What’s the best way to eat an egg?

So now you've learned how many calories are in an egg, the health benefits of eating eggs and got to the bottom of the link between eggs and high cholesterol - let's talk cooking them!

‘It depends on what you’re trying to achieve,’ says Smith. ‘If you need to lose weight or you’re watching your calorie intake, opt for poached, boiled or scrambled. If you need to gain weight, fried eggs, omelettes or Eggs Benedict would have more calories.

But, as intrigued as many of you are to know how many calories are in an egg, Smith recommends not placing too much emphasis on one foodstuff. Healthy eating - remember - is about choosing a diet that's varied and rich in a range of nutrients.

'I prefer to focus on what you’re adding to the eggs. Pair the eggs with some complex carbohydrates (such as wholemeal toast) and vegetables (think spinach, grilled tomatoes or mushrooms) for a balanced and filling dish.'

'You could even add some avocado or smoked salmon for additional heart-healthy fats. One of my favourite recipes is shakshuka (baked eggs with tomatoes and peppers).’

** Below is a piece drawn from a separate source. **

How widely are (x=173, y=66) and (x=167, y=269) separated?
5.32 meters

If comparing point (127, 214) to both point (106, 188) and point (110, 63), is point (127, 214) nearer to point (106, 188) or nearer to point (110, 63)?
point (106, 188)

Try this: Salmon & Egg Breakfast Muffin Recipe

Protein 45g | Carbs 26g | Fat 28g

how many calories in an egg

An Insta-ready brunch needn’t be a blowout. Try this recipe designed by Fresh Fitness Food.


  • 2 eggs

  • 30g smoked salmon

  • 1⁄2 tsp chives, chopped

  • 6 cherry tomatoes

  • 1⁄2 tsp oregano

  • Handful watercress


1. Crack the eggs into a bowl and lightly whisk, add the salmon and chives and season with salt and pepper.

2. Season the tomatoes with salt, pepper and oregano, then roast at 180°C for 20 minutes.

3. Pour the egg mix into greased muffin tins.

4. Bake at 180°C for 10 minutes or until the muffins are set.

5. Serve the hot breakfast muffins and roasted tomatoes with a handful of watercress. Yum.

I'm bored of eggs, where else can I get protein from?

Fortunately, eggs aren't the only place to find protein. Whether you're a veggie or a meat-eater, switching up your go-to diet staples can be a way to keep your nutrition fun (and functional) without becoming boring and staid.

These foods all contain protein and work well as part of your weekly nutrition:

But remember, protein is only one part of the puzzle.

Healthy fats and carbohydrates are important macronutrients too (as well as much-needed micronutrients from fruits and veggies) so don't go protein-mad and forget about everything else, 'kay?